Planning obligations under Section 106 of the Town and Country Planning Act 1990 (as amended) are commonly known as 106 agreements. As such, Section 106 Agreements often require a financial contribution, made prior to the project starting. Unlike CIL (the Community Infrastructure Levy) which is tariff-based, Section 106 is charged based on the specific needs of the local community. The common uses of planning obligations are to secure financial contributions to provide infrastructure and require a sum or sums to be paid to the authority on a specified date or dates or periodically often in line with what are known as “trigger points” or “staging posts” in large housing developments when an an agreed number of houses have been built and occupied.
The planning obligation is a formal document, a deed, which states that it is an obligation for planning purposes, identifies the relevant land, the person entering the obligation and their interest and the relevant local authority that would enforce the obligation. In the case of the Ribble Valley this is typically Lancashire County Council which is responsible for most of the infrastructure as it effects Education, Highways, Housing and Town Centre Improvements including Doctors Surgeries which it is jointly responsible for along with the NHS.
When a planning application is submitted to Ribble Valley Borough Council the Council will assess the application as to whether the development would cause a significant impact to the area and community. The S106 will vary depending on the nature of the development and based on the needs of the Borough. The content of the S106 agreement is agreed through the consultation period of the planning application with the relevant parties and planning officer. The S106 Legal Agreement will be prepared by the council's solicitors and the applicants will be required to pay the solicitor's fees excluding VAT. The Development Planning Manager has the responsibility for ensuring that all agreements are completed prior to the proposed works commencing.

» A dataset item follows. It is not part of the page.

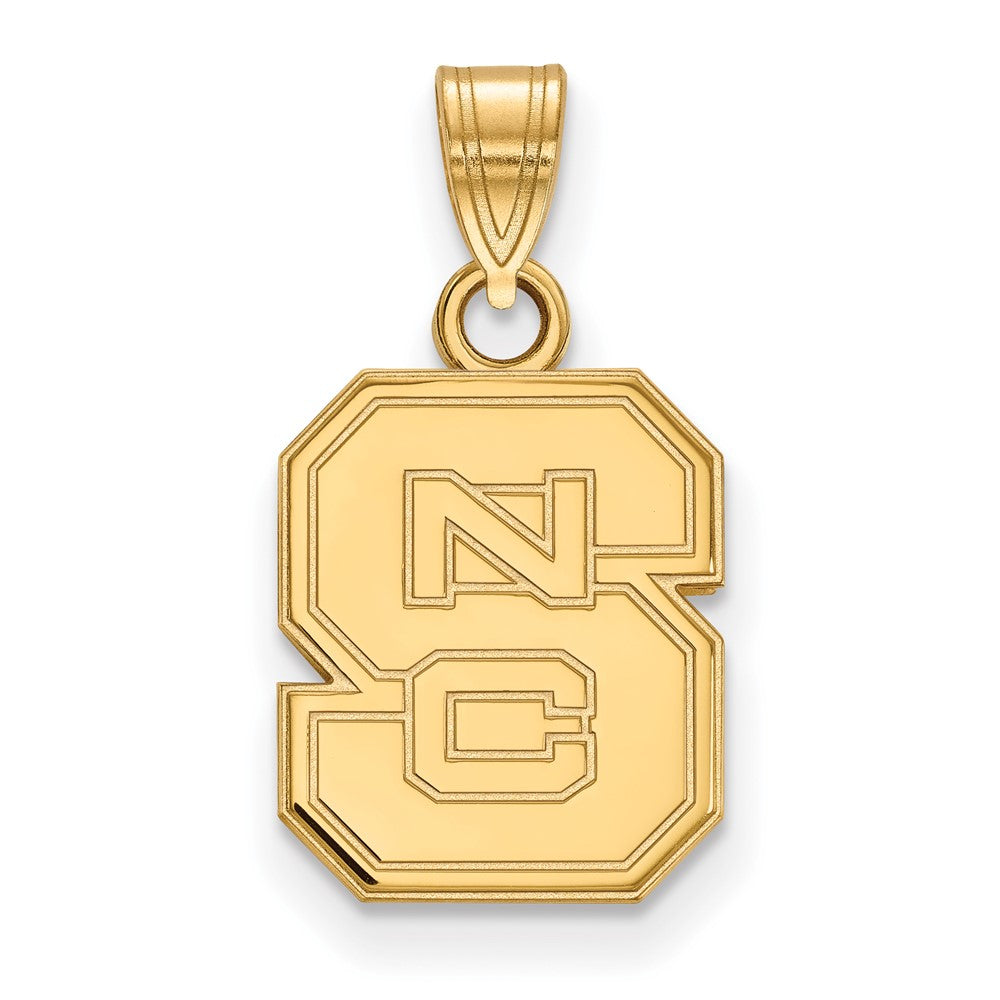 10K Yellow Gold Logoart North Carolina State University N C S Small Pendant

Research carried out by the Conservative Group on Ribble Valley Borough Council show that just £335,000 was collected from S106 agreements by the previous Labour Administration at County Hall between 2013 and 2017 during the formative period of the operation of Ribble Valley Borough Council's recently adopted 'Core Strstegy'.

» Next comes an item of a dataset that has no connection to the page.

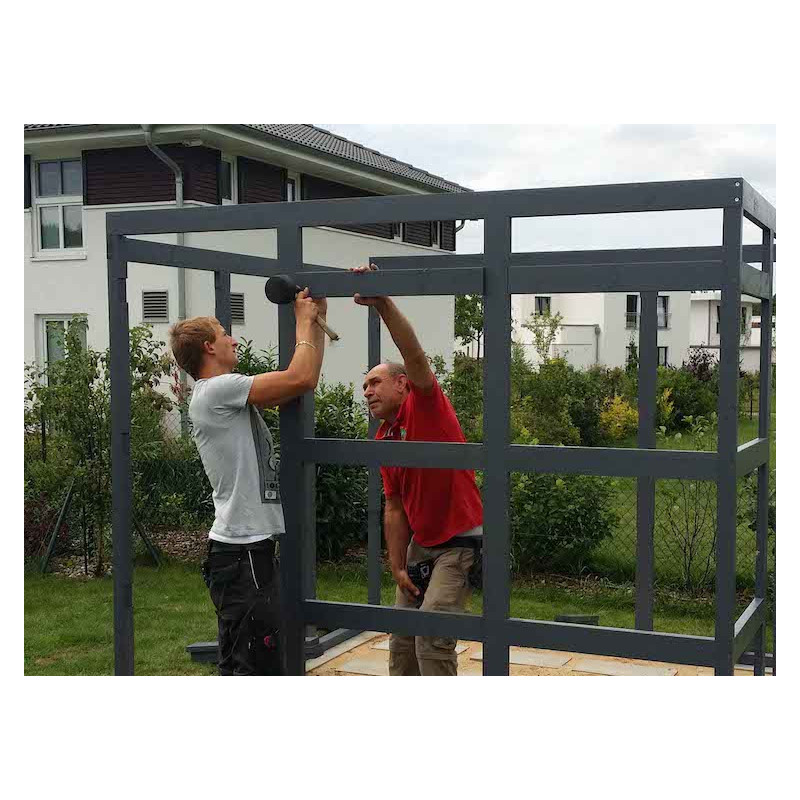 Abri de jardin en bois à toit plat sans débord de 5m2 à 20m2 Le Fréjus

Ken Hind, the Leader of the Council states, “Ribble Valley's reputation as an affluent area worked against it. Like the Libraries Labour chose to close there appeared to be a perception that Ribble Valley could take the huge amount of new house building that was taking place in its stride when it was patently obvious that the existing levels of infrastructure spend, particularly on Education was wholly inadequate. Thankfully there appears to have been a change of emphasis under the present Conservative administration at County Hall with a much greater focus being placed on the collection of monies due and the close monitoring of agreements so that when housing completion rates are met there is a much more rapid triggering of 106 Agreements.”
Research carried out by the Conservative Group on Ribble Valley Borough Council in tandem with County Councillor Susie Charles, who is the Cabinet Member for Children, Young People and Schools shows that there has been a dramatic acceleration of funds collected by the New Conservative Administration at County Hall since 2017. In the space of just 17 short months the new Conservative Administration at County Hall has collected £3,452,820.91 from 106 Agreements agreed with developers with £3,251,198.72 (94.16%) already committed towards active Educational Infrastructure Schemes.
These schemes include:
Barrow (2013/14 expansion) - £238,413.64 – towards additional class bases which allowed the increase in the admission number from 17 to 20. (Total 21 additional school places eventually across all Year Groups by the time the increased number of pupils has filtered through)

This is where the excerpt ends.